The conjugation ratio (n, figure 2) of the glycopeptide over the TTox protein could not be precisely determined by MALDI-TOF spectroscopy because of the high molecular weight of the protein (≈ 150000 g mol-1). Through a comparative ELISA assay (using the serum of a mice previously immunized with a STn-containing vaccine) between 13 and a well-characterized glycopeptide-BSA conjugate obtained from 19 (with n = 7),Dziadek, Kowalczyk & Kunz, 2005 the authors estimated that at least 20 copies of glycopeptide were conjugated onto TTox. Immunization of 10 Balb/c-mice with 20 µg of 13 with complete Freund’s adjuvant-induced a strong immune response in all mice, with high antibody titers. To investigate the specificity of the immune response, the serum extracted from one of the immunized mice underwent neutralization experiments. The aforementioned STn-MUC1-BSA conjugate (n = 7) was coated onto a 96-well plate and the serum was incubated for 1 h at 37°C with glycopeptides 20-27(Figure 3).

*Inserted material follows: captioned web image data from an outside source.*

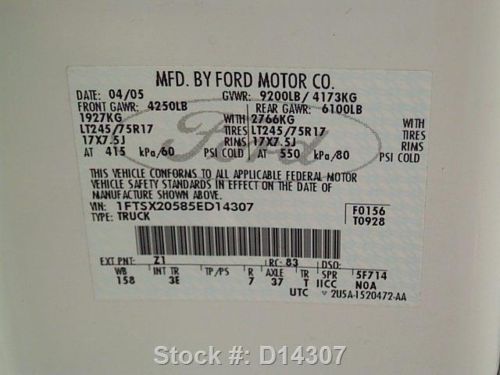 2005 FORD F250 EXT CAB LONGBED UTILITY TOPPER 6PASS 34K TEXAS DIRECT AUTO, US $15,780.00, image 12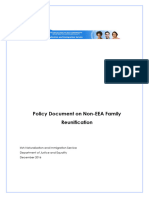 Policy Document on Non EEA Family Reunification
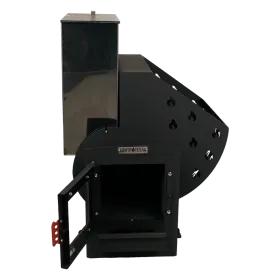 Банная печь ТРИО 24 куб. МД со стеклом (лев)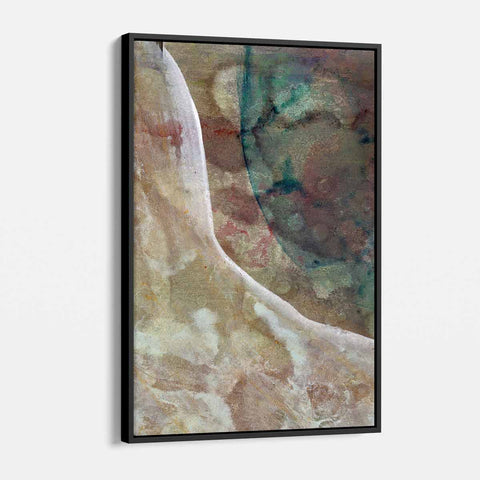 Beige Abstract Wall Art Canvas 8032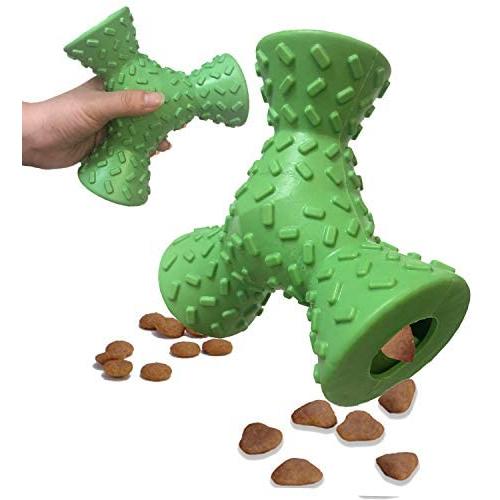 SSSFENG Dog Chew Toys for Aggressive Chewers Durable Food Dispensing Dog Toys and Tooth Cleaning Natural Rubber Pet IQ Treat Toy for Medium and Large Dogs and Pets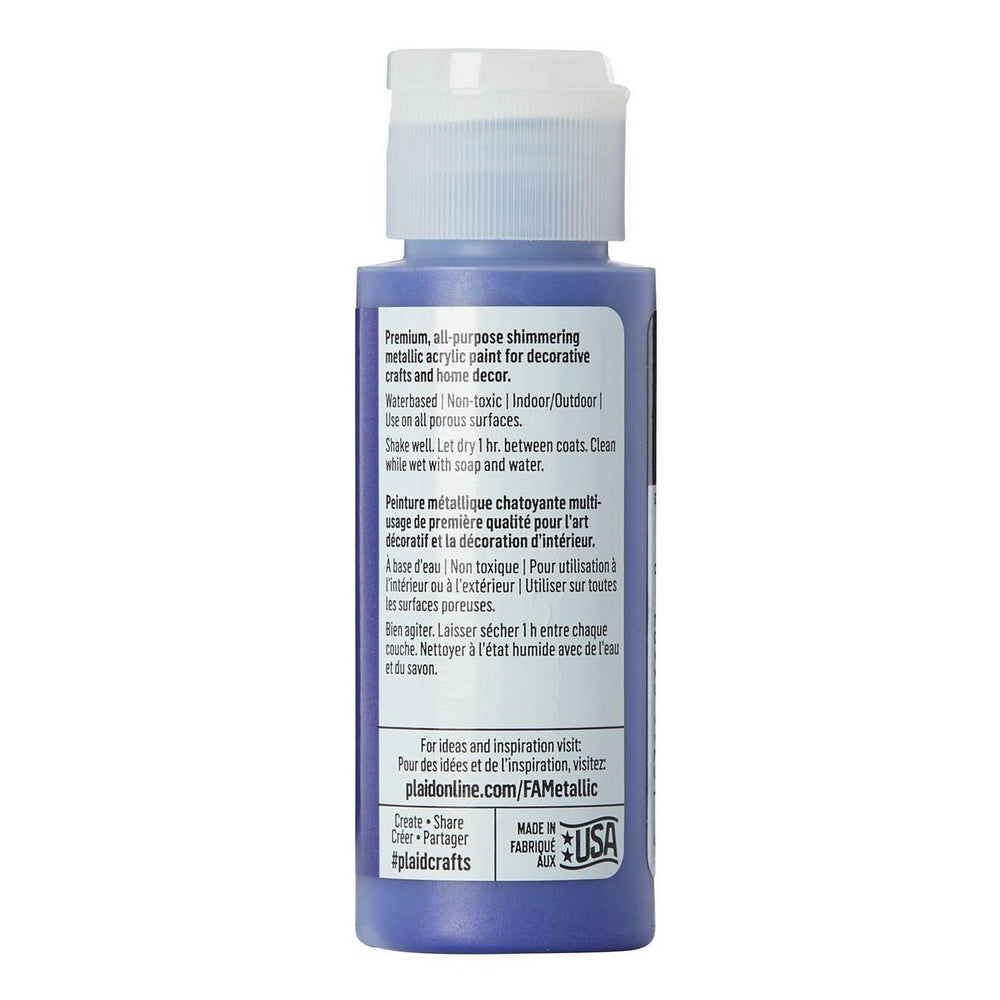 Folkart • metallic acrylic paint violet shimmer 59ml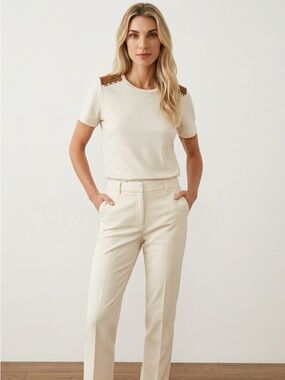 Lauren by Ralph Lauren size XL cream blouse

The binding of untreated mice serum was completely neutralized after incubation with glycopeptide 21, which is the antigen contained in vaccine 13. Interestingly, also glycopeptides 22-25, containing the same MUC1 peptide sequence and crucial parts of the STn disaccharide, inhibited the induced antibodies to a considerable extent. Conversely, compounds 20, 26 and 27, featuring unglycosylated MUC1, TF antigen, and 2,3-sialyl-TF, respectively, showed a weak binding even despite including identical peptide sequences. This study enabled a possible application of vaccine 13 for immunization in humans.

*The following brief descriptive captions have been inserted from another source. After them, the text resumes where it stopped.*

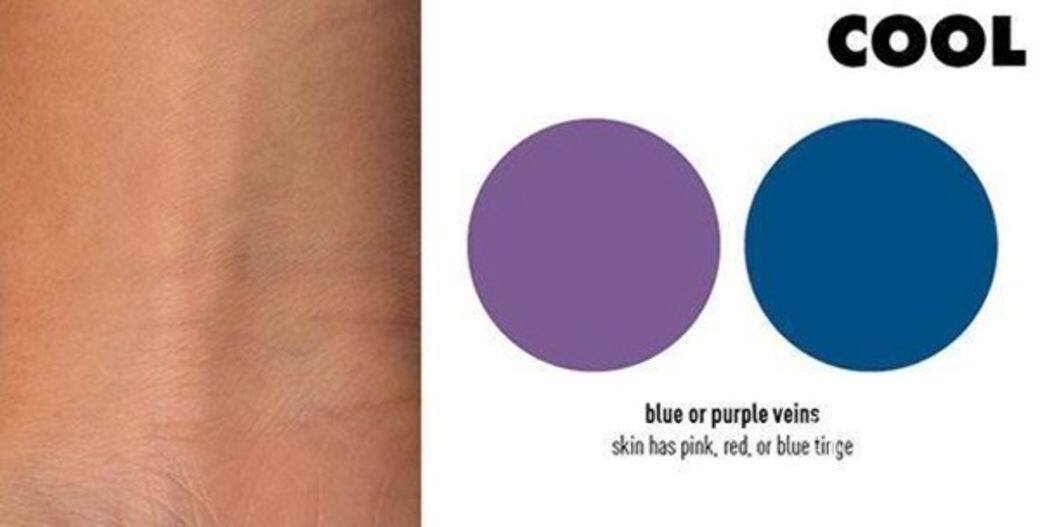 如果靜脈出現藍色或紫色的話，膚色就冷色調，可以大膽嘗試不同顏色，其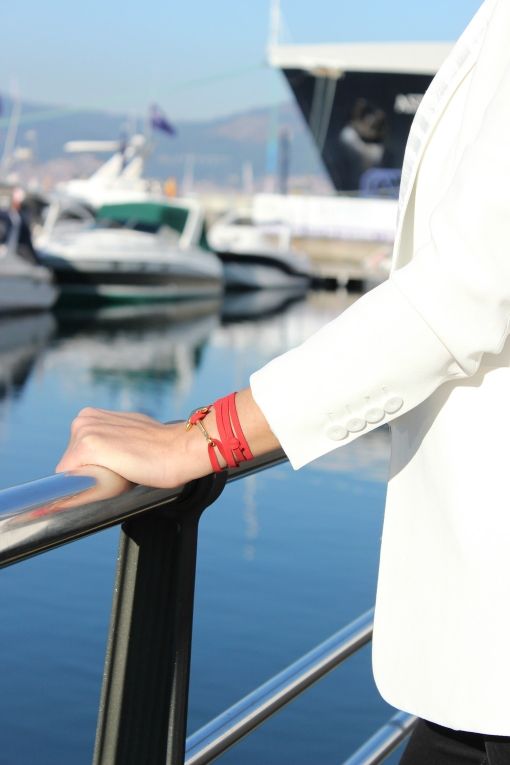 Pulsera Carrick ancla dorada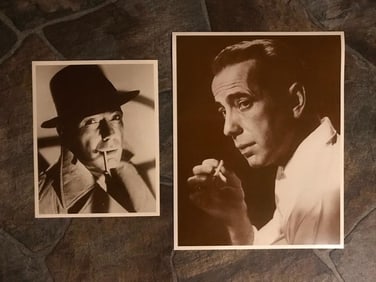 Pair of Humphrey Bogart Photo Prints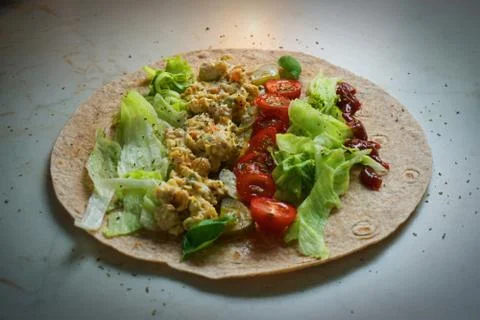 Tortilla Wrap Stock Photos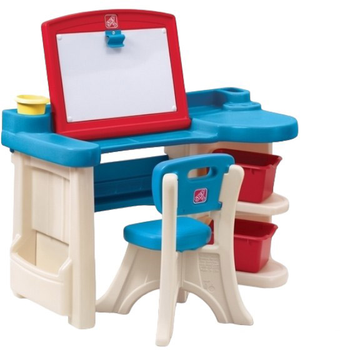 Stolik dziecięcy z krzesełkiem dla kreatywnych Step 2 Art Desk Refresh (733538843190)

It is noteworthy to mention that Theratope® vaccine, composed of an STn-KLH conjugate plus QS-21 as an adjuvant, was tested in phase III in more than 1000 women with breast cancer and has proven to be safe, nevertheless no improvement in survival rate was observed. Kunz and co-workers provided a valid design strategy which enabled the production of high titers of tumor-specific antibodies by employing MUC1(STn) glycopeptide (21) as B-cell epitope, grafted of TTox carrier protein and administered with the Freund’s adjuvant.